HUMS 201, The Modern French Novel

Meeting Time: 
TTh 1:30pm-2:20pm

Course Description:

A survey of major French novels, considering style and story, literary and intellectual movements, and historical contexts. Writers include Balzac, Flaubert, Proust, Camus, and Sartre. Readings in translation. One section conducted in French.

Led by:

Alice Kaplan | Department of French

Professor Alice Kaplan

Alice Kaplan, John M. Musser Professor of French, is a specialist of 20th century France.  She works at the intersection of literature and history, using a method that allies archival research with textual analysis.  She is also a literary translator. 

Her teaching and research have focused on the Second World War, the Liberation, and the Algerian War, and on the writers Céline, Proust, and Camus.   

Outside Yale, she is a member of the Writers Council of the American Library in Paris, and sits on the board of the French journal Critique as its New Haven correspondent.  She is currently serving as a jury member for the French Voices Book Prize, a translation subvention awarded by the cultural services of the French Embassy in New York. 

Her articles and review have appeared in The Nation, The New York Times, Critique, and Yale French Studies, as well as the online magazine Contreligne.

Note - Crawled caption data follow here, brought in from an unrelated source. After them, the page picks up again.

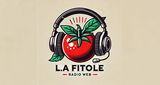 Radio L.A Fitole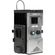 imageUrl_3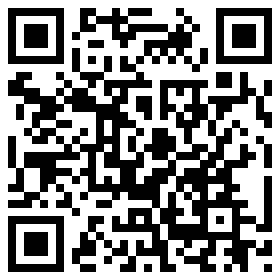 qrcode für Siemens 5SH5100 - NEOZED Passeinsatzschlüssel D01/D02/D03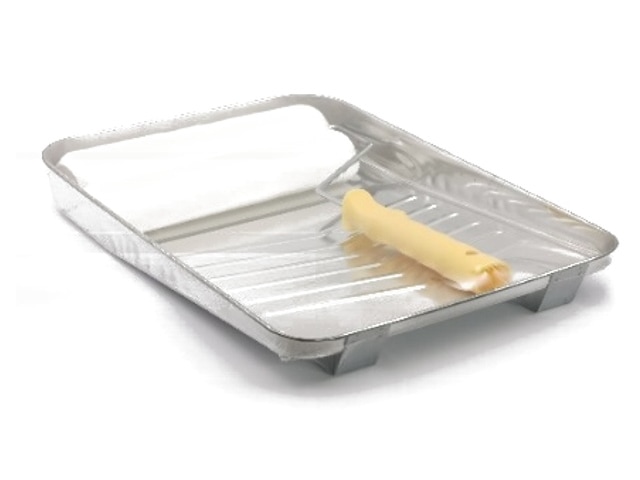 Paint Roller Set image 1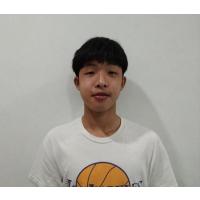 Siak Yong Tan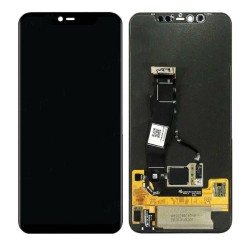 Pantalla LCD + Tactil Xiaomi Mi 8 Pro Negro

Maurice Samuels | Department of French

Professor Maurice Samuels

Maurice Samuels specializes in the literature and culture of nineteenth-century France and in Jewish Studies. He is the author of four books. The Spectacular Past: Popular History and the Novel in Nineteenth-Century France (Cornell, 2004), examines new forms of historical representation — including panoramas, boulevard theater, and the novel — in post-Revolutionary France. Inventing the Israelite: Jewish Fiction in Nineteenth-Century France (Stanford, 2010), brings to light the first Jewish fiction writers in French. It won the Scaglione Prize, given by the Modern Language Association for the best book in French studies, and was translated into French (Hermann, 2017). The Right to Difference: French Universalism and the Jews (Chicago, 2016) studies the way French writers and thinkers have conceived of the place of Jews within the nation from the French Revolution to the present. It also won the MLA’s Scaglione Prize for the best book in French Studies. His new book, The Betrayal of the Duchess, a study of France’s first antisemitic affair, was published in 2020 by Basic Books. He also co-edited a Nineteenth-Century Jewish Literature Reader (Stanford, 2013) and edited Les grands auteurs de la littérature juive au XIXe siècle (Éditions Hermann, 2015). A recipient of the Guggenheim Fellowship, he has published articles on diverse topics, including romanticism and realism, aesthetic theory, representations of the Crimean War, boulevard culture, and writers from Balzac to Zola. He has directed the Yale Program for the Study of Antisemitism since 2011, and is currently also serving as the chair of Yale’s Judaic Studies Program.

Testimonials

This course was previously offered in the Spring of 2021, 2017, and 2015, and the Fall of 2018, 2013, and 2011. These testimonials are taken from student course evaluations.

  • This was among the best classes I’ve ever taken at Yale. Lecture is incredible, and the novels are manageable and you haven’t read most of them before but will immediately understand their relevance to your understanding of history and the world.
  • Fantastic course. One of my favorite at Yale. The structure that Professor Kaplan and Samuels thought of was effective - Samuels, the 19th century specialist, teaches the 19th century novels while Kaplan asks questions at the end of lecture; Kaplan, the 20th century specialist, teaches the 20th century novels while Samuels asks questions. The dialogue at the end of each lecture helped ensure that students were asking good questions as they engaged with the texts.